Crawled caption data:
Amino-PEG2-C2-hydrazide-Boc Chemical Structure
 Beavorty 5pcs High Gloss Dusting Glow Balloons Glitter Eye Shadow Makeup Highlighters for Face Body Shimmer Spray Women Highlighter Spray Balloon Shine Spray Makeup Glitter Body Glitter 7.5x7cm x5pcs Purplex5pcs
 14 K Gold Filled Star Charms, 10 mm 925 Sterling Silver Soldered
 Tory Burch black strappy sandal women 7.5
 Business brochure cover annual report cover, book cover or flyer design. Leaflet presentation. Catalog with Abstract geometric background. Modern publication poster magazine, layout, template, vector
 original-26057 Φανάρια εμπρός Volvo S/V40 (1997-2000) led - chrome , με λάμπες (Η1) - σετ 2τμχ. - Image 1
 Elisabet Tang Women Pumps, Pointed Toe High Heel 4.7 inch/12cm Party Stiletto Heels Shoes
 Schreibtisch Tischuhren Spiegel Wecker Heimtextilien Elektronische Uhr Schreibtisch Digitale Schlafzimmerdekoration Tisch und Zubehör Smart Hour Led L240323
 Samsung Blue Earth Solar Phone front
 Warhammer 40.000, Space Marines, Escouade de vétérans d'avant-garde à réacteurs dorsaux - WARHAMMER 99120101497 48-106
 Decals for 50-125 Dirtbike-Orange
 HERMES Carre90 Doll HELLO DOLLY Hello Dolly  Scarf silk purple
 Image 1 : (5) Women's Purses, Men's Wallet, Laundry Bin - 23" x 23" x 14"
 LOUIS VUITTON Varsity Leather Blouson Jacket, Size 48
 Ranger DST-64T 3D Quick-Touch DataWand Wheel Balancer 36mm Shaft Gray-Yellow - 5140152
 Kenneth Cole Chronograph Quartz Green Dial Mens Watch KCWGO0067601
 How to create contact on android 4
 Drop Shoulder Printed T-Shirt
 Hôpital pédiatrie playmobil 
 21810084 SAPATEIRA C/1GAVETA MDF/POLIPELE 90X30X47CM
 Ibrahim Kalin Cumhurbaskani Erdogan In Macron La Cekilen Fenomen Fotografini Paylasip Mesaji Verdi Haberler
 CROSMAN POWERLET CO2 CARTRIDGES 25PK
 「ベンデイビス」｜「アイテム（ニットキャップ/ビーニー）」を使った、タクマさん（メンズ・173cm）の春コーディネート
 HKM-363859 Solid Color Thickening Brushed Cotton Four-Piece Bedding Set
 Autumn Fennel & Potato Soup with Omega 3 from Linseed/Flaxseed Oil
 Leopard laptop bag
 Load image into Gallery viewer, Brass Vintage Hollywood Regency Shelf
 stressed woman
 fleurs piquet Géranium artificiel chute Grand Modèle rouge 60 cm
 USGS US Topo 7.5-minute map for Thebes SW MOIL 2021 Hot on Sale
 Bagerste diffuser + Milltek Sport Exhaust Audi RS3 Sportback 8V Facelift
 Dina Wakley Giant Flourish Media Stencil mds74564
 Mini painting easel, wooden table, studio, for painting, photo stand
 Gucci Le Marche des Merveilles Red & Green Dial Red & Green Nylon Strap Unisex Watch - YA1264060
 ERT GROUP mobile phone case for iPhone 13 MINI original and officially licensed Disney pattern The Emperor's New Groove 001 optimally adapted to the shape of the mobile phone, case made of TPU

#### Exercise description
Scan the data above and copy every line with "Green" in it.

#### Task response
 Kenneth Cole Chronograph Quartz Green Dial Mens Watch KCWGO0067601
 Gucci Le Marche des Merveilles Red & Green Dial Red & Green Nylon Strap Unisex Watch - YA1264060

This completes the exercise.